In his verified petition, Petitioner alleges that following his sentencing, he unequivocally requested defense counsel, Daniel Scott, to file a notice of appeal yet counsel failed to do so. Petitioner further alleged that counsel misrepresented to Petitioner that his intent was irrelevant to whether he was guilty of participating in a scheme to defraud. As a result, he pleaded guilty to a crime for which he was actually innocent.

In response to Petitioner's claim that he requested Scott to file a notice of appeal on his behalf, Scott submitted an affidavit in which he asserts that he sent Petitioner a letter outlining his appellate rights. (Doc. No. 153 (Scott Aff. ¶ 7, Ex. 1).) Scott further asserts that he met with Petitioner at the jail to further discuss a number of issues, including the issue of filing a notice of appeal, and that Petitioner wanted to discuss the issue further with his wife. (Id. ¶ 8.) On the date the notice of appeal had to have been filed, Petitioner's wife informed Scott that Petitioner had decided not to appeal. (Id. ¶ 10.) Scott further asserts that at no time did Petitioner request Scott to file a notice of appeal. (Id. ¶ 11.)

Because Petitioner filed a verified petition asserting that he did ask Scott to file a notice of appeal and that Scott failed to do so, the Court held an evidentiary hearing in order to make a ruling on the credibility of Petitioner's claim.

II. Standard of Review

Under 28 U.S.C. § 2255, "[a] prisoner in custody under sentence . . . claiming the right to be released upon the ground that the sentence was imposed in violation of the Constitution or laws of the United States, or that the court was without jurisdiction to impose such sentence . . . or is otherwise subject to collateral attack, may move the court which imposed the sentence to vacate, set aside or correct the sentence." 28 U.S.C. § 2255(a). Section 2255 is intended to provide federal prisoners a remedy for jurisdictional or constitutional errors. Sun Bear v. United States, 644 F.3d 700, 704 (8th Cir. 2011). It is not intended to be a substitute for appeal or to relitigate matters decided on appeal. See Bousley v. United States, 523 U.S. 614, 621 (1998); Davis v. United States, 417 U.S. 333, 346-47 (1974).

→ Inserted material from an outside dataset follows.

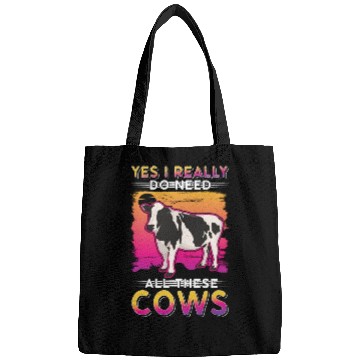 Discover Cow Cattle Breeder Farmer Cows Bags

Relief under 28 U.S.C. § 2255 is reserved for transgressions of constitutional rights and for a narrow range of injuries that could not have been raised on direct appeal and, if uncorrected, would result in a complete miscarriage of justice. A movant may not raise constitutional issues for the first time on collateral review without establishing both cause for the procedural default and actual prejudice resulting from the error.
United States v. Apfel, 97 F.3d 1074, 1076 (8th Cir. 1996) (citations omitted). Claims of ineffective assistance of counsel may constitute the "cause and prejudice" required to excuse otherwise procedurally defaulted claims. Boysiewick v. Schriro, 179 F.3d 616, 619 (8th Cir. 1999).

III. Discussion

A. Ineffective Assistance of Counsel

Claims of ineffective assistance must be scrutinized under the two-part test set forth in Strickland v. Washington, 466 U.S. 668 (1984). Under the Strickland test, Petitioner must prove that: 1) counsel's representation was deficient; and 2) counsel's deficient performance prejudiced Petitioner's case. Kingsberry v. United States, 202 F.3d 1030, 1032 (8th Cir. 2000) reh'g and reh'g en banc denied, (March 28, 2000).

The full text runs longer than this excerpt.